Version History:
- Released 2020/4/8
This assignment is due WEDNESDAY May 6, 11:59 PM.
Create your homework repository in github classroom:
https://classroom.github.com/a/Wn7OqS_7.
At the time of submission, it should contain one PDF file named
HA4-FamilyNameGivenName.pdf.
You may include other files, e.g., a file
downloaded from Google Sheets, as supplementary material.
In your PDF, please complete the following problems below. Each problem will specify what should be shown. If your solution requires multiple calculations and you are using a spread sheet or other program to help, please clearly label what is going on in each step in a way that can be seen without interacting with the program.
Example 1: If you use a spreadsheet, each sub-result should have a label next to it explaining what the sub-result is and how it was calculated, visible from the PDF, even if you include the spreadsheet file. I should not have to open the spreadsheet file to see what it is.
Example 2: If you use a script, each sub-result should have a comment above it explaining what it is and what the code does to generate it.
For each of the scenarios A.1 and A.2, describe an experiment that tests the idea in question. Describe:
- the independent variables and their conditions in the experiment and your justification/explanation for each (2 pts)
- dependent variables and your justification/explanation for each (2 pts)
- control variables, random variables, and confounding factors and your justification/explanation for each (4 pts)
- the population, how participants would be drawn from it, how many would participate, and how they would be assigned to trials (3 pts)
- the type of tasks the participants would perform, where the differences in trials would arise from (e.g., what changes in data?), and what order the trials would be given in (3 pts)
- your data analysis procedure including whether you would prune data points (and why) and what statistical tests you would use to analyze the collected data (and why) (3 pts)
- the limitations of your study, why may it not apply to someone else's similar problem? (2 pts)
If there are multiple possible criteria / interpretations to the scenario, choose one that you think is among the most important, describe what it is, explain why it is important, and design the rest of the experiment (e.g., tasks, variables) with that particular criteria / interpretation in mind.
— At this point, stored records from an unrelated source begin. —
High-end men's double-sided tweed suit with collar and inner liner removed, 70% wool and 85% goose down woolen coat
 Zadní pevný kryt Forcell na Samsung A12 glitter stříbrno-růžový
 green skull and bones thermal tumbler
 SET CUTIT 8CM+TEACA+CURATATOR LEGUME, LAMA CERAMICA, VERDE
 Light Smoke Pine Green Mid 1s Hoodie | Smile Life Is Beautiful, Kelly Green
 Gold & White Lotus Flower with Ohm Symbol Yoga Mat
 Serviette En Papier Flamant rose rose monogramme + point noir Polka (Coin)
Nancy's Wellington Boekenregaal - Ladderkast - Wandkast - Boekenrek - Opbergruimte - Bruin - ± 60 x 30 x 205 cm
In some cases, your answer may be dependent on information you do not know but could discover in piloting. In those cases, note where you would pilot and what you would determine from the pilot for your answer.
See lecture slides list statistical tests that can be used for greater than two conditions.
What is a good default brightness setting on a smart watch?
Suppose you're a developer with an online commerce website. Presently the website has a "New Items" category in its tab menu. You suggest adding a "New Items" card to the images first shown under the menu which are currently top recommendations. Which design is better for having visitors make any order whatsoever?
Suppose you are planning a within subjects experiment to determine if there's a meaningful difference in smart phone typing speed between tapping the on screen keys and gesture typing (draggging between keys). You plan to give participants messages to type. From piloting, you estimate that tapping the keys takes an average of 31 seconds for your trials with a standdard deviation of 5 seconds. From this data you are also comfortabble with assuming the distribution is normal. You consider a difference in order time of 20% meaningful. How many participants do you need for your experiment assuming the commonly accepted level of significance and power? How many participants would you need if a difference of 10% was meaningful?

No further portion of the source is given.